Bedeutung von Mystik und Mysterien
Etymologisch sind die Mysterien wahrscheinlich auf das griechische myein = sich schließen (von Lippen und Augen) zurückzuführen. Das Wort ist ursprünglich ein Kultbegriff und bezeichnet die Geheimkulte im Gegensatz zu den Staatskulten.
Gegenstand fast aller Mysterien war der Mythos von einem in der Urzeit auf Erden erschienenen Gott sowie dessen Sterben und Auferstehen. Dieses wurde in dramatischen Riten „gespielt“, um das urzeitliche Geschehen zur kultischen Gegenwart werden zu lassen. Durch symbolische Handlungen wurden die Teilnehmer an den Mysterien in das Geschick des Gottes einbezogen, um ihnen das Heil zu vermitteln. Zutritt zu den Mysterien erhielt der ‚Suchende’ durch die Initiation (lat. initium = Eintritt), bei der er symbolisch sterben musste, um durch die Mysterien wiedergeboren zu werden.

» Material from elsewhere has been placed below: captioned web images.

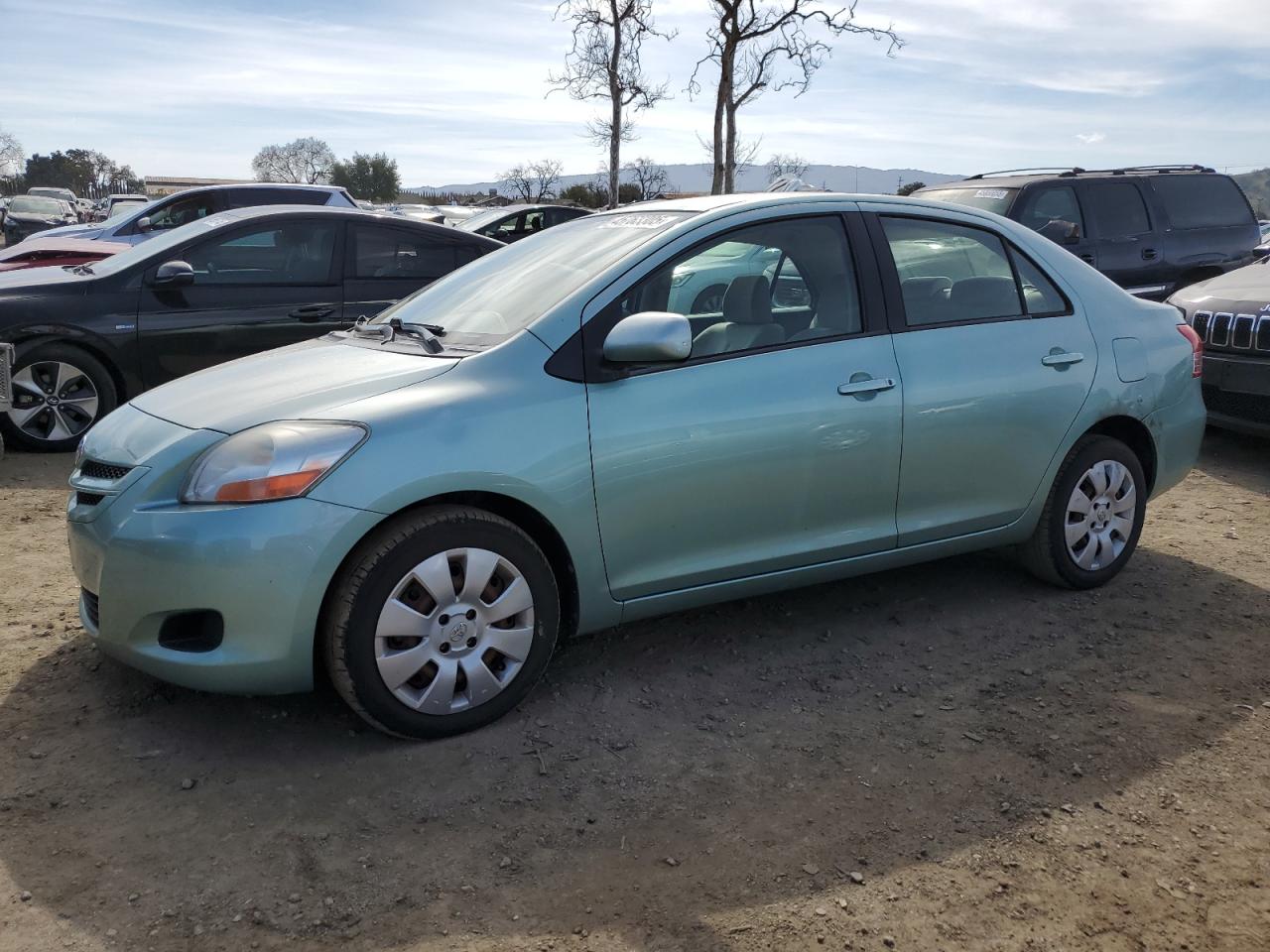 2007 Toyota Yaris VIN JTDBT923371047054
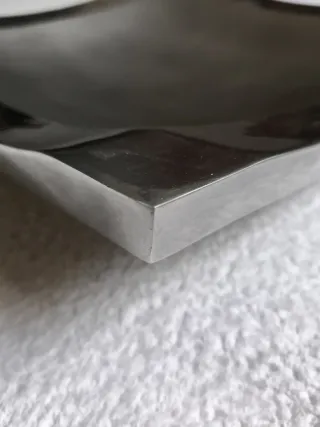 ELEGANTE CENTRO DE MESA CUADRADO METAL PLATEADO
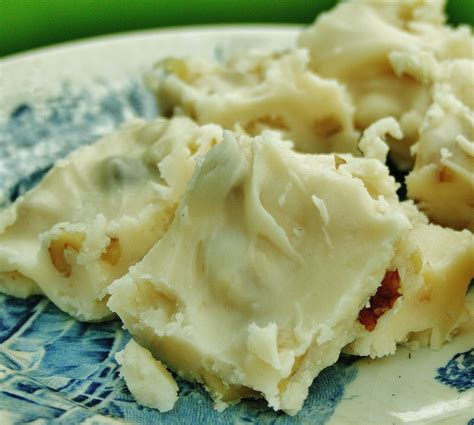 how-to-make-old-fashioned-sour-cream-fudge image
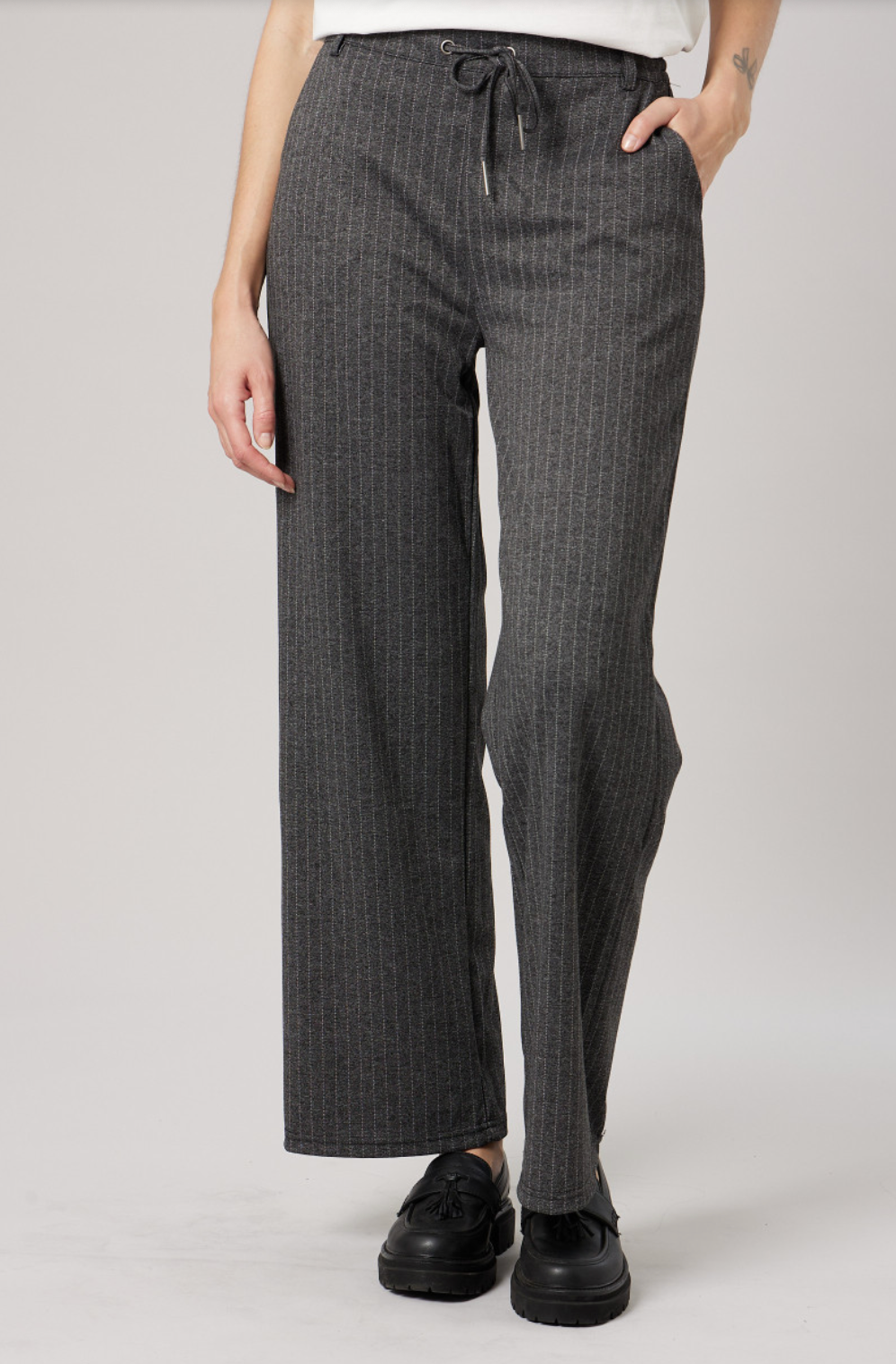 Deeluxe  Pantalon Droit Femme TAYSEN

Die Mysterien waren meist Ausdruck kosmischer Urerfahrungen, wie der Wechsel von Nacht und Tag (Tod und Widergeburt der Sonnengottheit; Geburt, Wachstum, Sterben, Aufenthalt im Totenreich und Auferstehung der Mondgottheit).

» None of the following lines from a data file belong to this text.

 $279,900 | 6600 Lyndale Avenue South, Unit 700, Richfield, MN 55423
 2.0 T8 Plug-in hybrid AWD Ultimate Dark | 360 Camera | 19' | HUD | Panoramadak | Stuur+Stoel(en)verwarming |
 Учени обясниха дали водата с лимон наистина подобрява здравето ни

Die Kultgötter sind daher immer Vegetationsgottheiten, da mit dem Wechsel der Jahreszeiten der Rhythmus der Vegetation einhergeht.
Erst im Mittelalter bildet sich das Substantiv Mystik heraus als Name für eine überrationale, unmittelbare, teils visionäre Erfahrung des Göttlichen. Dieses religiöse Phänomen ist uralt und kann zurückverfolgt werden bis zu den Naturvölkern, bei denen Menschen durch Askese, Tanz oder Rauschekstasen die Verbindung mit höheren Mächten suchen. In den Hochreligionen ist das Ziel solchen Strebens die Erfahrung der „unio mystica“, der Einswerdung von Mensch und absolutem Sein.

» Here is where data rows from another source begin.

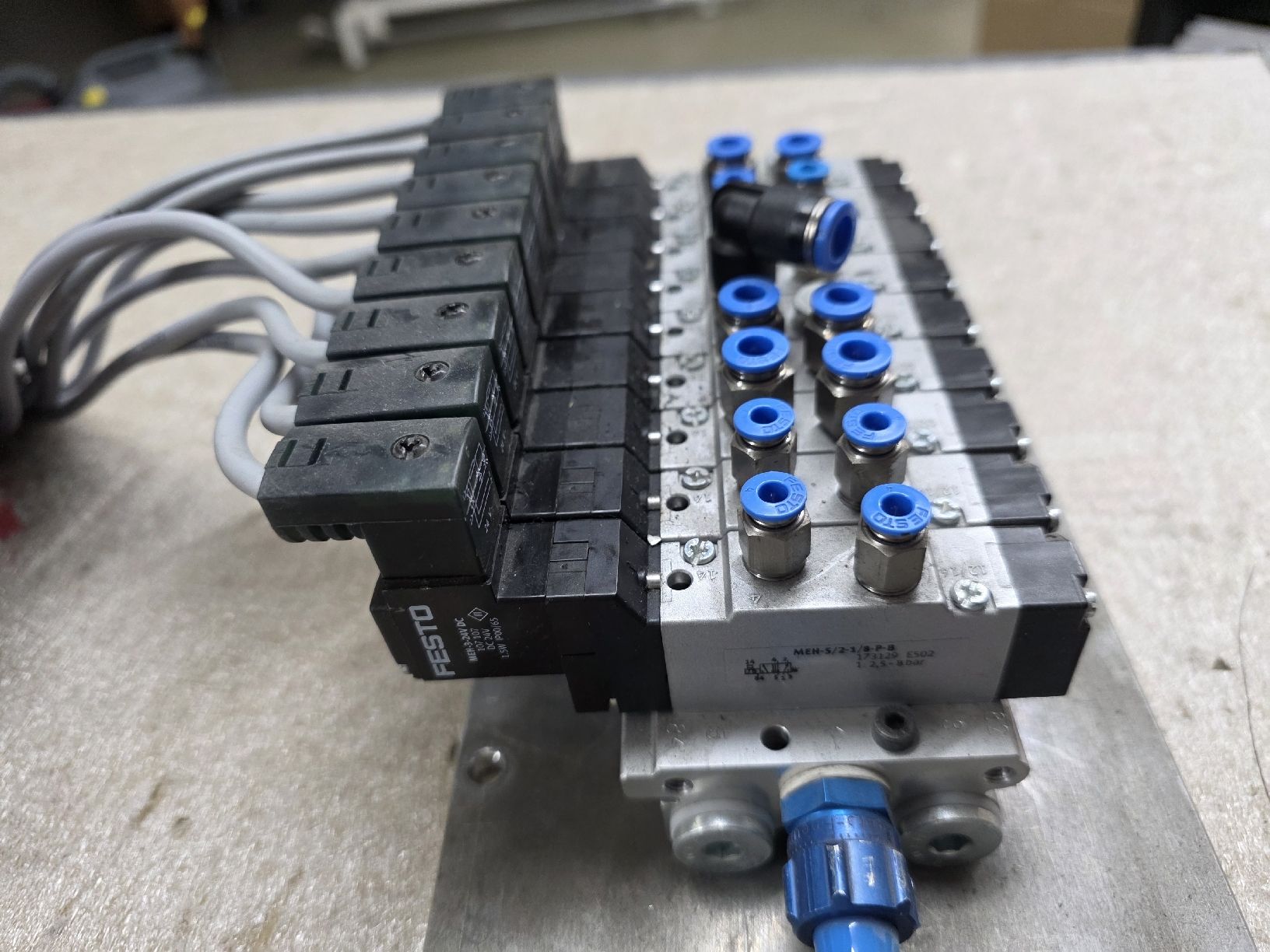 Festo Metall- & Schlosserei Sonstiges: Festo Baugruppe mit 9 Schaltventilen – Gebraucht aus Rüti ZH von Madeira14 1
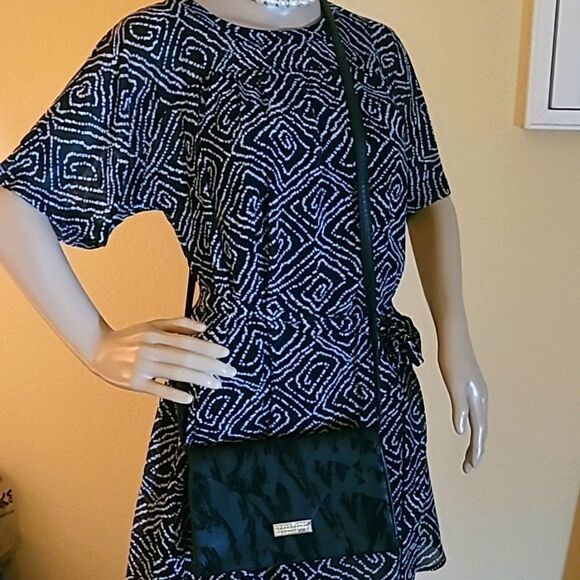 Authentic Gucci Crossbody Bag - Picture 3 of 13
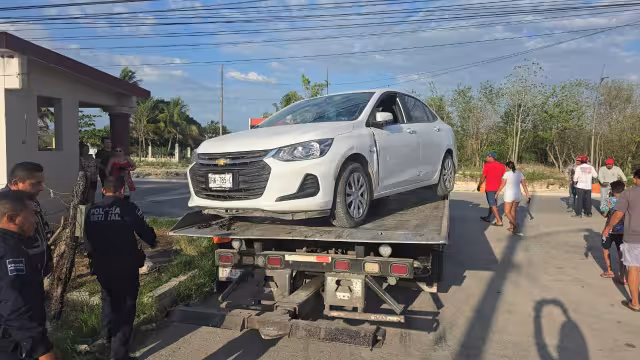 Volcadura en Chiná genera movilización de autoridades.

Der Begriff Mystizismus dagegen bezeichnet eine intuitiv-irrationale Geisteshaltung, die durch unmittelbares Annehmen einer vermeintlich höheren Wahrheit Erkenntnisse sucht, welche weder in den Bereich religiösen Erlebens (Mystik) gehören, noch verstandesmäßiger Prüfung standhalten.